Monday, Dec. 20, 1954
New Play in Manhattan
The Bad Seed (adapted from William March's novel by Maxwell Anderson) will not be easily dislodged as the season's most harrowing drama. It is the tale of a sweet, golden-haired, eight-year-old girl who, when crossed or cornered, indulges in murder. But its various homicides do not begin to exhaust its horrors. Slowly, tormentedly, the little girl's mother becomes aware of her daughter's nature; then she discovers that her own mother was a mass murderess also.
In its recital, its crescendo of horrors--some of which it would be unfair to reveal --The Bad Seed has gripping scenes and many chilling moments. And the play's quasi-realistic tone, its reassuringly middle-class atmosphere, enhance the sense of horror, often impart that sudden eeriness of the familiar, that peculiar credence of the incredible. And the play gets the accomplished acting it needs. As the child. Patty McCormack brings a convincing naturalness to her studied evil-doings; as the mother. Nancy Kelly fully and keenly expresses the role without ever merely exploiting its opportunities.

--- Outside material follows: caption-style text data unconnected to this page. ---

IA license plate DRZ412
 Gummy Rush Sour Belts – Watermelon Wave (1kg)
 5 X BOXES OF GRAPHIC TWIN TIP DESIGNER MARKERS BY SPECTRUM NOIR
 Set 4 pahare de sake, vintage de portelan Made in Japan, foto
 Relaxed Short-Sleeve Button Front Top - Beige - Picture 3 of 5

The Bad Seed has, however, its shortcomings. It does not sufficiently hew to the line; it does not properly keep to a level. A faithful enough adaptation of March's novel, it yet has characters and scenes that, on the stage, make for slackness and dead spots. And it loses in intensity from having too many themes and too full a bag of horrors."
Into the theater's greedy maw has gone too much; what emerges, however hardhitting, seems' too meaningless. For all its force, The Bad Seed betokens neither art nor life; for all its grimness, it can only be classified as entertainment.